Abstract
In the past decade the Economics literature has developed a unified approach to inference and prediction of strategic environments. This approach starts with a full theoretical model that characterizes the preferences of agents and the mechanism of interaction between them.
The Econometrician then infers the components of the theoretical model from the data and provides prediction for the new settings by computing a new equilibrium of the strategic model. The issue with this approach is that the initial step where the Econometrician recovers the preferences of the agents from the data boils down to an inversion of a nonlinear mapping that can be discontinuous and even set-valued. In the talk I will discuss the properties of this mapping for classes of simple games and demonstrate that even in cases where this mapping is invertible, the recovered pre-image is very sensitive to the specification of the model. I will also discuss that such poor behavior of the solution will be preserved even when one uses strong conditions to ``regularize" this mapping. All these problems will be further amplified in the prediction.
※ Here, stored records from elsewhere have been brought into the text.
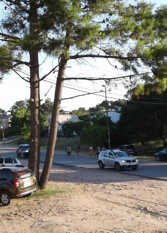 Foto 2 de la galería de Amarostende en Ostende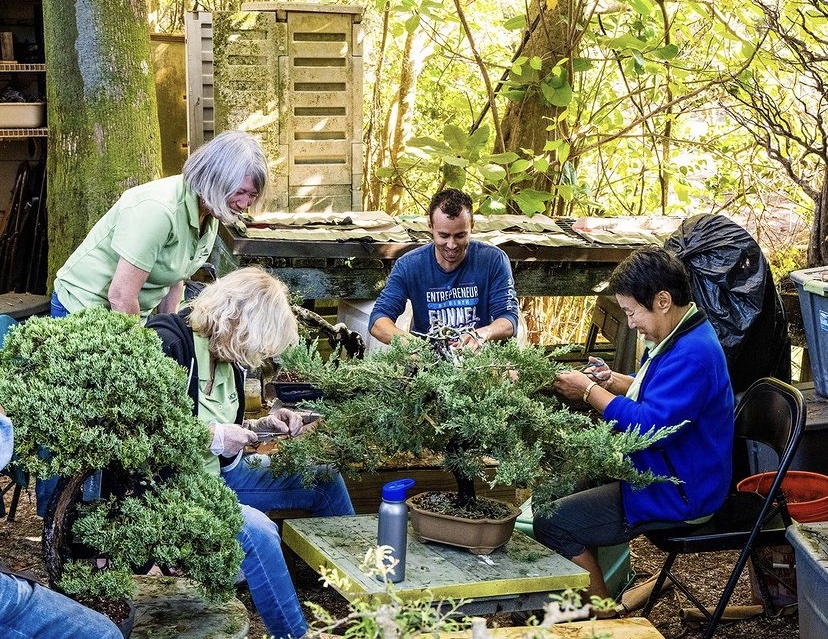 Morikami Museum and Japanese Gardens, MiamiCurated, Bonsai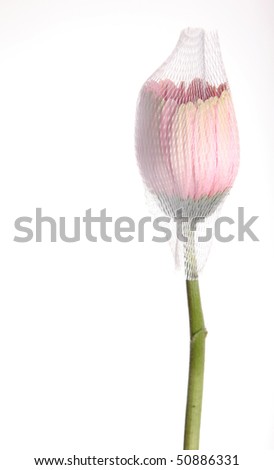 Pink flower on package over white background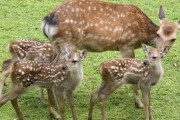 【朗報】奈良のシカ、遺伝子が唯一無二だった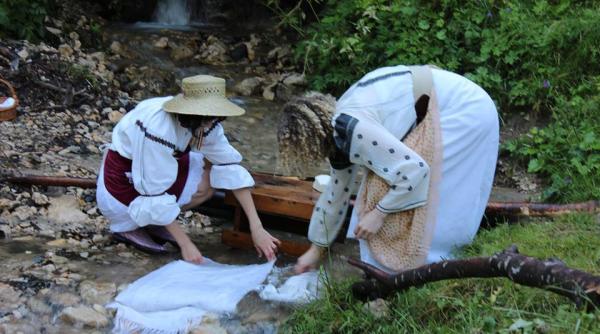 bancul zilei tipuri de barba i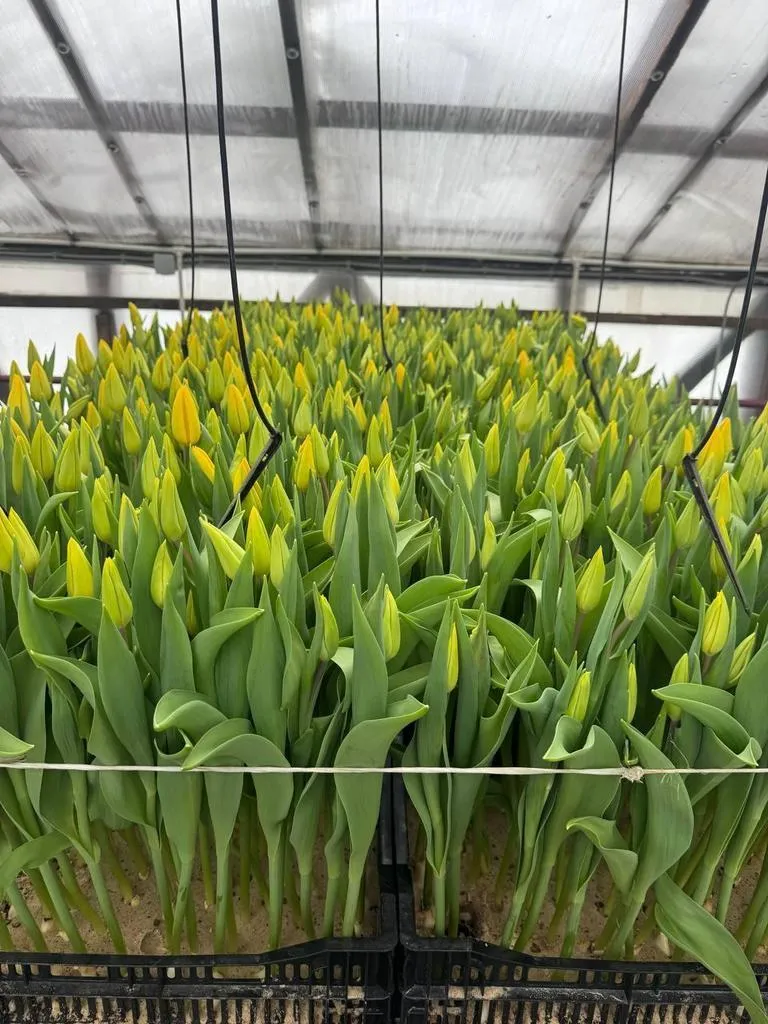 Tyulpan_Zheltyj_Strong_Gold-3-2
The approach of set inference provides a robust alternative to traditional inference. In this approach the Econometrician recovers an entire set of preferences of the agents in the interactions that are compatible with many possible specifications of the theoretical model. However, computation of such sets is difficult even in simple games. In my talk I discuss a new approach to inference that is based on the idea of the price of anarchy in Koutsoupias and Papadimitriou (1999). The idea of the approach is to bypass the set inference for the primitives of the model and instead directly infer the outcomes of interest such as welfare or revenue in the game. However, unlike the standard price of anarchy which is based on the ``worst case scenario"-based prediction for the outcomes, we propose to consider the bounds that are informed by the distribution of the data. I talk about the new notion of the empirical price of anarchy that yields the
price of anarchy over all preferences of agents that could have generated the observable distribution of the data. I then discuss some connections between our notion of the empirical price of anarchy and Economic literature on set inference.
The talk will be based on the the recent work [Khan and Nekipelov, 2014] and [Hoy, Nekipelov and Syrgkanis, 2015].